What the task asks: Write out each record below exactly, but not the pictures.

┌─ Information provided

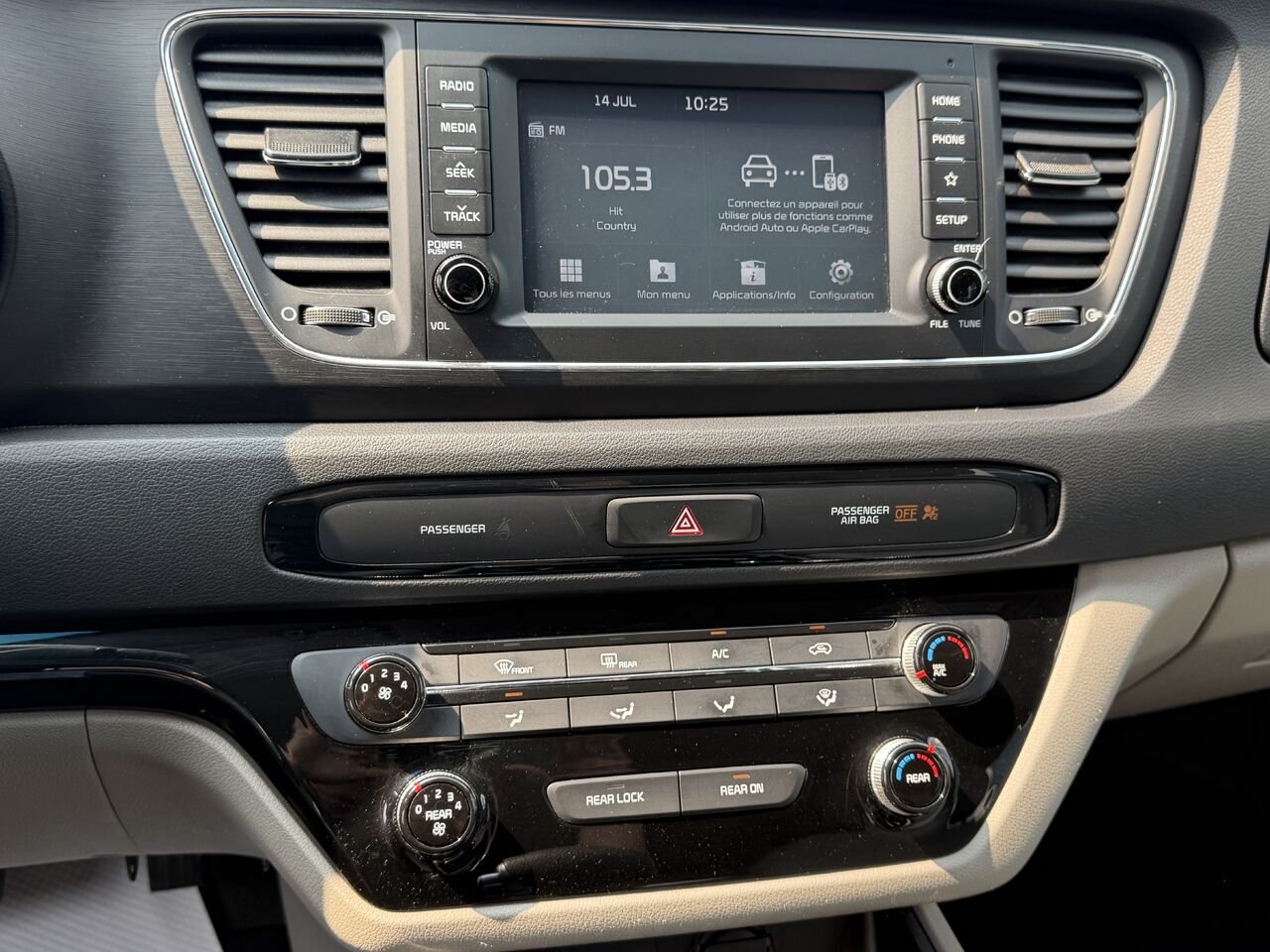 2019 Kia Sedona Black Ste-Marie - photo #18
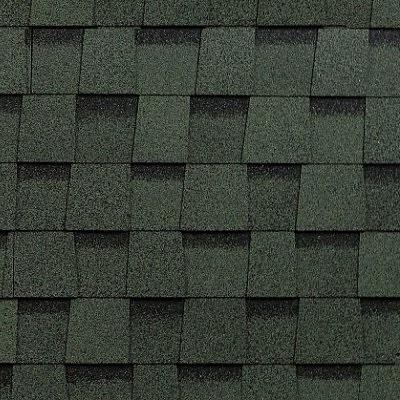 Двухслойная ламинированная черепица Shinglas, Фазенда, Цвет: Зелёный купить в Славянске-на-Кубани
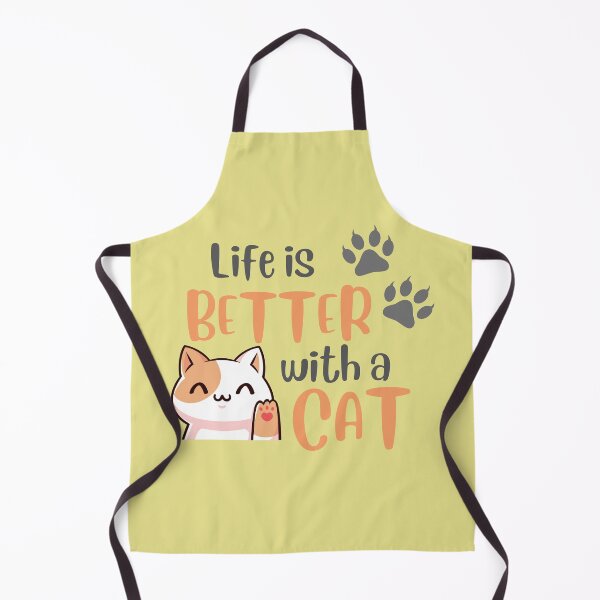 Item preview, Life is better with a cat. designed and sold by Sandra  EVELYN.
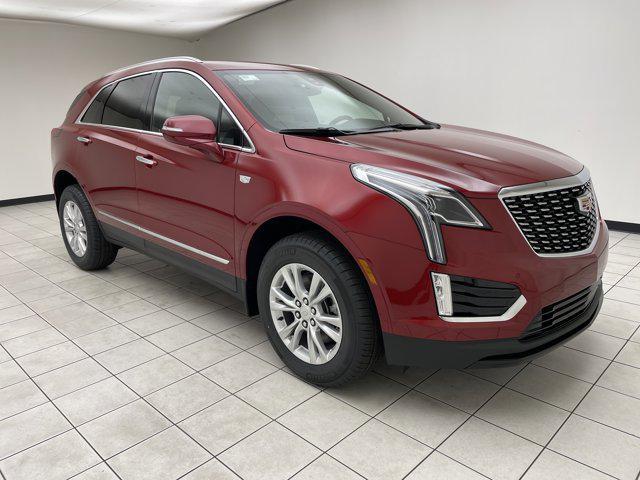 new 2026 Cadillac XT5 car, priced at $47,695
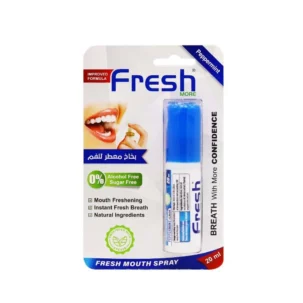 Fresh Peppermint Mouth Spray 20ml
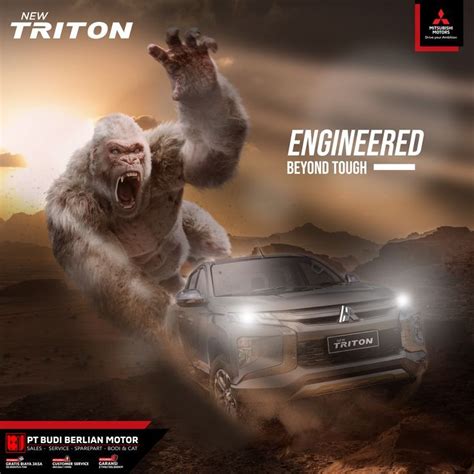 NEW TRITON Super Select 4WD: Drive Beyond Limits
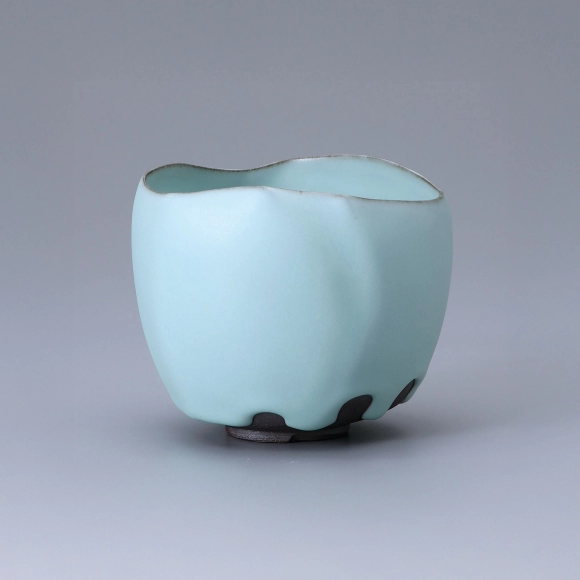 粉青瓷茶垸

└─

Response for this exercise:
 2019 Kia Sedona Black Ste-Marie - photo #18
 Двухслойная ламинированная черепица Shinglas, Фазенда, Цвет: Зелёный купить в Славянске-на-Кубани
 Item preview, Life is better with a cat. designed and sold by Sandra  EVELYN.
 new 2026 Cadillac XT5 car, priced at $47,695
 Fresh Peppermint Mouth Spray 20ml
 NEW TRITON Super Select 4WD: Drive Beyond Limits
 粉青瓷茶垸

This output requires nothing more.